EXERCISE DATA
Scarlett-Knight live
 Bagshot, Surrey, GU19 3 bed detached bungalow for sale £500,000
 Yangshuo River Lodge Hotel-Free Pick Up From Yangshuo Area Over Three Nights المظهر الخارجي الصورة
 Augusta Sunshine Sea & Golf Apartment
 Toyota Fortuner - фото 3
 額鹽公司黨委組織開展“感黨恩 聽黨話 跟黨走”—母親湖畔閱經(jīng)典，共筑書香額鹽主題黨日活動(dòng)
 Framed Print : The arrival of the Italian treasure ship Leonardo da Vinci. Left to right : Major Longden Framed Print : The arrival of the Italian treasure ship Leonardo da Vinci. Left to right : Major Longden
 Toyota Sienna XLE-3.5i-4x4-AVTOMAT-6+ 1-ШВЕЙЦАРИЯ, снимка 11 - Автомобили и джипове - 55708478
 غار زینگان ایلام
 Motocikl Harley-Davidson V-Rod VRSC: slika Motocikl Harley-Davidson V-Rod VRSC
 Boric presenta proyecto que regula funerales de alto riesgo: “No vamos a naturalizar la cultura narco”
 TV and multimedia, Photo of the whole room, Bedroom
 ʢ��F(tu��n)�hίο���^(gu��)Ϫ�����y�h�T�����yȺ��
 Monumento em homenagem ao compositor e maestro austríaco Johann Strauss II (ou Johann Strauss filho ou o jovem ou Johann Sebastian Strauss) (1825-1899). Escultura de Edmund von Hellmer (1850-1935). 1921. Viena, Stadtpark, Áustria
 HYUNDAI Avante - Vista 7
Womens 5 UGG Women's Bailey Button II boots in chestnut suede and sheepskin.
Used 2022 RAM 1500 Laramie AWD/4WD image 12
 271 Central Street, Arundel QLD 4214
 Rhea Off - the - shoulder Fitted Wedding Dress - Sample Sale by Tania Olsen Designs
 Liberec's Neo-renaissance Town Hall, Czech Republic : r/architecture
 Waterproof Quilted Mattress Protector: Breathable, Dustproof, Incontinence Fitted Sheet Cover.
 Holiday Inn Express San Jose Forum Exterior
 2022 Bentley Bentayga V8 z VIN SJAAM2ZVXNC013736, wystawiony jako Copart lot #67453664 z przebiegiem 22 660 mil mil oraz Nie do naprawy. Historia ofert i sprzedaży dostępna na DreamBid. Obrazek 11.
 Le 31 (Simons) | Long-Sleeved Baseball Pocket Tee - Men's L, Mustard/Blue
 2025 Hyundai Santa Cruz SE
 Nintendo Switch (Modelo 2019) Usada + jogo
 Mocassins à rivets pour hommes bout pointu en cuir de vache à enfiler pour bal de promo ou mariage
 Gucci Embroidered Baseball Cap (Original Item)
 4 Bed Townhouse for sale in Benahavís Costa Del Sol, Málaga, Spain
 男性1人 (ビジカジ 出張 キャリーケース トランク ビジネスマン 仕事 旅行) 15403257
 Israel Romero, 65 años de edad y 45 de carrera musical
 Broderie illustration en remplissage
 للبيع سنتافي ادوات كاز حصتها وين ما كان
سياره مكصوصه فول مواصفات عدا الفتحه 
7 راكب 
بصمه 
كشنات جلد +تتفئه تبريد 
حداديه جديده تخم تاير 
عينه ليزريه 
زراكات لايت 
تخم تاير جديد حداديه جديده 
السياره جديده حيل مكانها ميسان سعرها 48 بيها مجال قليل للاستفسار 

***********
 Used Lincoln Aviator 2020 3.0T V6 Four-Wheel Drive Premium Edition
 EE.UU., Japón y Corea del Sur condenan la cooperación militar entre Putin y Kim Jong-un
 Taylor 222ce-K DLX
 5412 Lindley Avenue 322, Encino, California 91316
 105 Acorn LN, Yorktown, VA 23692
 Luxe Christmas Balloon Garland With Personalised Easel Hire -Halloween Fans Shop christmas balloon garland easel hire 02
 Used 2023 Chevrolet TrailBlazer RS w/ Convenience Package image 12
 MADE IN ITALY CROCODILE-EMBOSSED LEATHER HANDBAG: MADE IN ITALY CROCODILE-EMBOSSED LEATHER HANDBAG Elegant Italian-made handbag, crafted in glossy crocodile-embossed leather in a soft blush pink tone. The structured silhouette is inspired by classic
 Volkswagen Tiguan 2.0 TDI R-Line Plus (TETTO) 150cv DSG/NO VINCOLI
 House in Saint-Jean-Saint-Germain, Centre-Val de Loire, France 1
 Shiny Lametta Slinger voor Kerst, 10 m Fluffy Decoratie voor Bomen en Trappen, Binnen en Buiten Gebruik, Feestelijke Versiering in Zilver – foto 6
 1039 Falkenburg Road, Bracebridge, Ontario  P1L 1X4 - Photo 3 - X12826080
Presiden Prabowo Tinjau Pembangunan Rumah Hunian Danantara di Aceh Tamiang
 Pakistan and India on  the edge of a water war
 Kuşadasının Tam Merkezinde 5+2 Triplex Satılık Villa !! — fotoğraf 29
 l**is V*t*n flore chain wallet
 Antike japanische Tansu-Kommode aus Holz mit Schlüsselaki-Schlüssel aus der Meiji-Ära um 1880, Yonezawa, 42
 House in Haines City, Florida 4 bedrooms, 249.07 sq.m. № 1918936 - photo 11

PROBLEM STATEMENT
Please say how many lines in the records contain the word "تاير", and give only that number.

EXERCISE OUTPUT
2